Management of Ectopic Pregnancy
- Medical management: Medical treatment is useful for women with an unruptured tubal ectopic pregnancy and those with minimal symptoms with a low volume of free intraperitoneal fluid during ultrasound scans.
- Expectant management: Expectant management means that the pregnancy is expected to resolve itself without having to intervene. The pregnancy is closely monitored by the physician instead of seeking immediate treatment. Women eligible for expectant management of ectopic pregnancy must show no signs of tube rupture, be asymptomatic, and clinically stable with steadily declining β-hCG concentrations (Ectopic pregnancies hCG levels).

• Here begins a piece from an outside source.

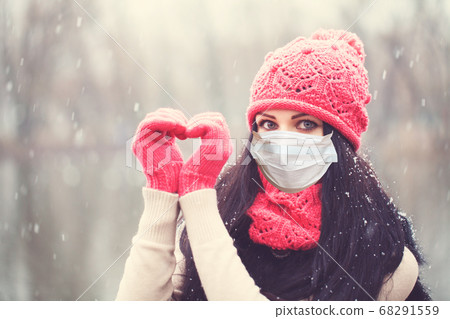 Christmas Woman in medical protective face mask 68291559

- Surgical treatment by laparoscopy or laparotomy: Though there have been various developments in managing an ectopic pregnancies, the surgical treatment by laparotomy to deal with this situation is still the most widely used and opted for treatment. This treatment prevents any complications leading to mortality. Laparoscopic procedures mean quicker operative times, reduced intraoperative blood loss, and brief hospital stays.
As ectopic pregnancies cannot be prevented, the only option we have at hand is caution. Thus, to avoid such an experience, let us put our knowledge to the best use and increase the chances of a happy and healthy pregnancy.